Software and IT related

  • See above for software and IT related M&A work.
  • Advised large private company in relation to moving from in-house IT solution to Telstra hosted Cloud environment (production, disaster recovery, backup).
  • Advised large industrial company in relation to Oracle software licensing audit and licensing compliance, including compliance with licensing terms and challenging licence fees demanded for virtual machines and multiple software instances.
  • Advised company entering USA market - prepared manufacturing, distribution, branding and licensing agreements.
  • Advised ASX-listed property company in relation Microsoft Dynamics enterprise agreements.

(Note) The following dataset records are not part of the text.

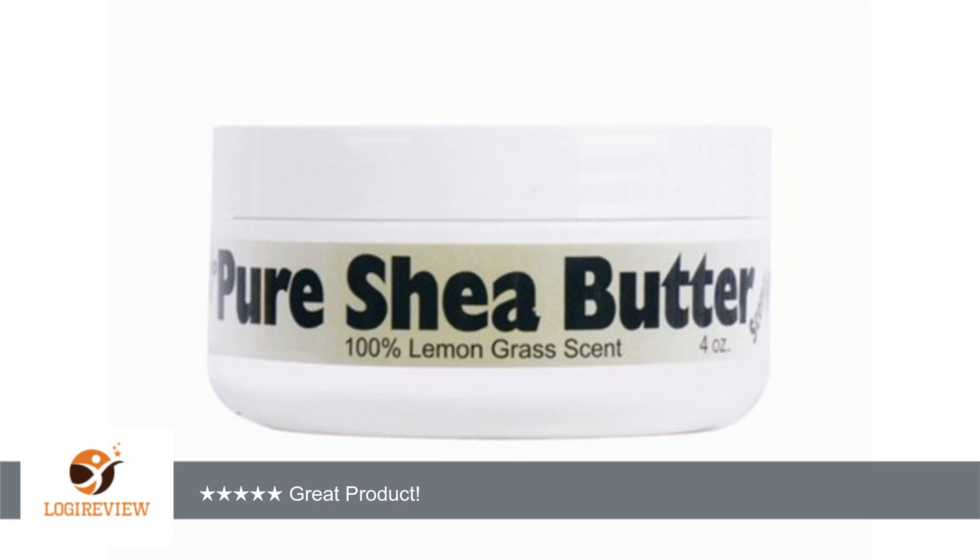A customer wrote: This is the first raw item I ever got. I saw it at a Target when I was visiting at Lenda in 09 I think, and decided to get it because I love the smell of lemongrass.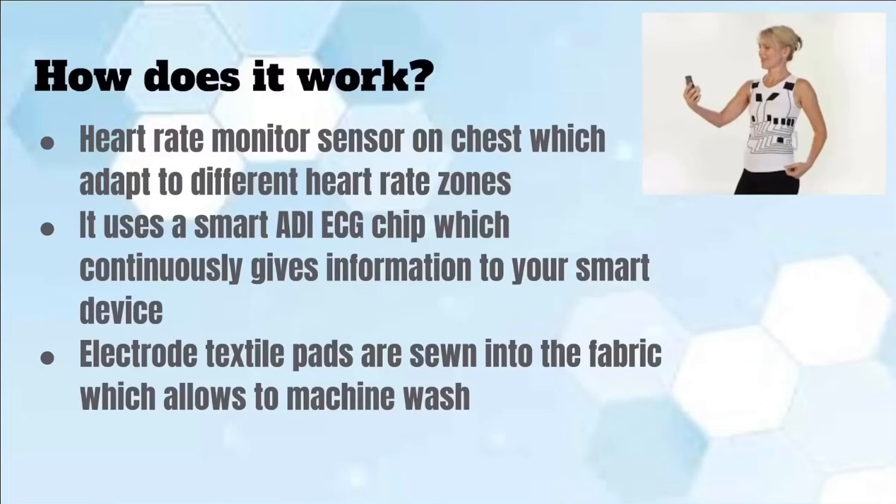How does it work? With a heart rate monitoring sensor on your chest to adapt to many different heart rate zones. On the app, it enables different colors to be displayed with vibration reminders of different heart rate zones. An ADI ECG chip is built in to continuously give data to your smart device.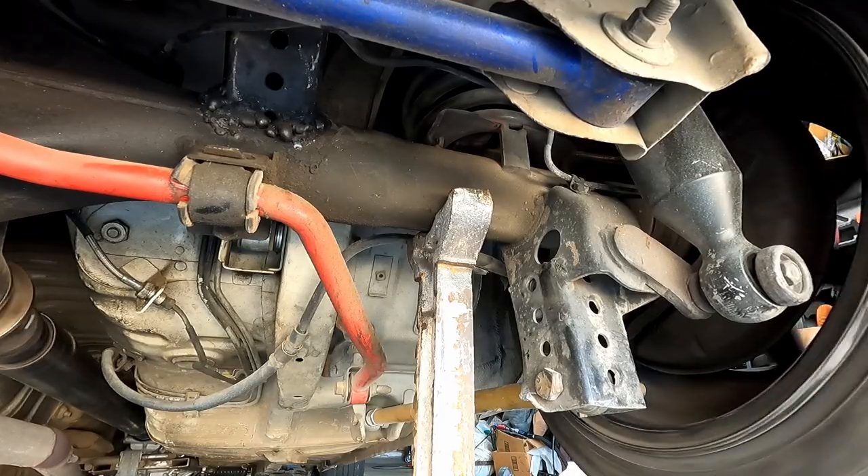In the garage today trying to diagnose a lot of drivetrain noise. I think it's a driveshaft vibration, maybe the four-link being loose. Only way we're going to know is to check.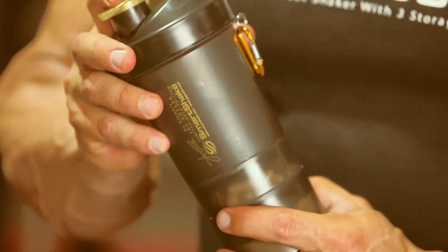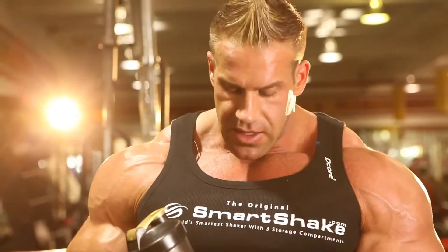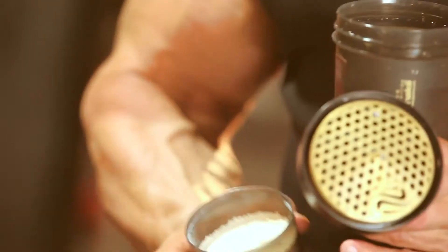Olympia Jay Cutler. SmartShake is a shaker with three storage compartments. Use it as a water bottle while you're training, and store your pre and post workout supplements in one unit.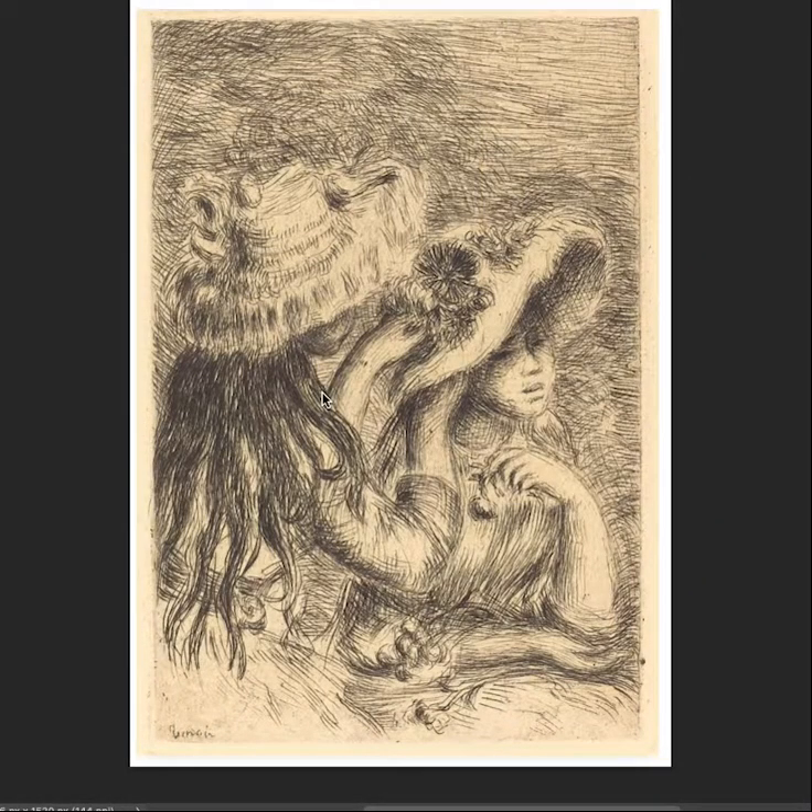Hi there, and welcome back to the Drawing Database. Professor Mark Leone. Today we're going to spend about 15 minutes with some of the drawings of Pierre-Auguste Renoir, French painter, born in 1841 and died in 1919 — one of the top Impressionists of his time.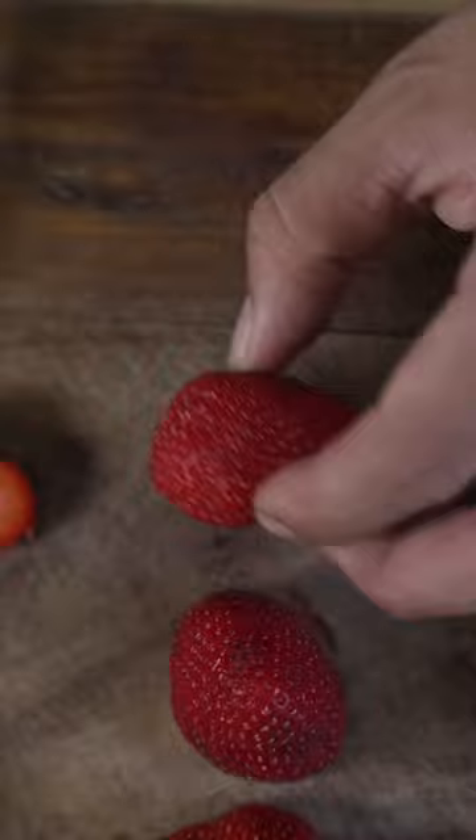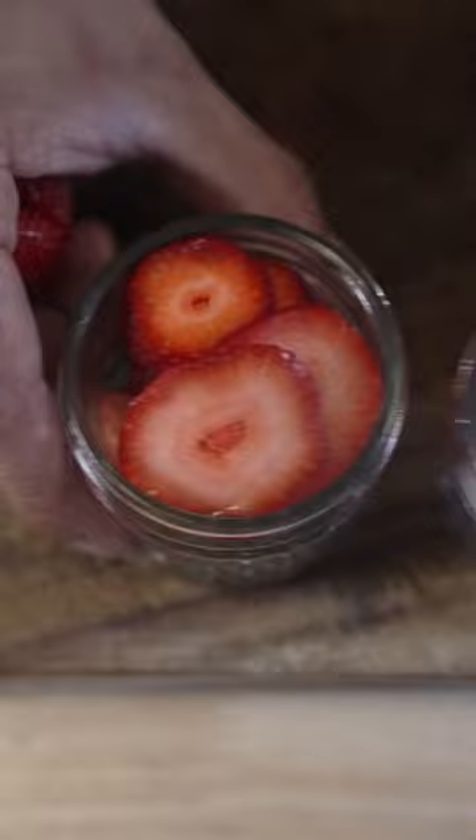I'm going to show you how to make rosé pickled strawberries. Rinse the strawberries. I like putting the strawberries in a sliced mason jar, so when you put the pickling liquid in, it holds tight.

  • Prepared suite of software licencing, maintenance and support agreements for spatial software developer (Australia and USA).
  • Prepared numerous software license agreements, distribution agreements, reseller agreements, EUSLAs, support and maintenance and service level agreements (including SaaS and Cloud Agreements), consulting contracts, etc for numerous Australian software companies.

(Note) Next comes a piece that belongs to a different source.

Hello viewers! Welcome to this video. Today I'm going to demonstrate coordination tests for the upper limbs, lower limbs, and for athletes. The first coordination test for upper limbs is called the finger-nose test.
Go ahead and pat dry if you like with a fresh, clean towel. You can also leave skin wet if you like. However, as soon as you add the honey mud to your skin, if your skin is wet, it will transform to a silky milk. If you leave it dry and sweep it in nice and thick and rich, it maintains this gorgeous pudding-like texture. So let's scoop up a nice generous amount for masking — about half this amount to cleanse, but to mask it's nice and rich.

  • Reviewed and advised numerous clients in relation to IT procurement contracts.
  • Prepared numerous website and app T&C's
  • Advised many software, medical and mobile app start-ups in relation to business structuring, shareholder agreements, terms and conditions, fundraising documents, commercialisation agreements, manufacturing, distribution, branding and licensing agreements.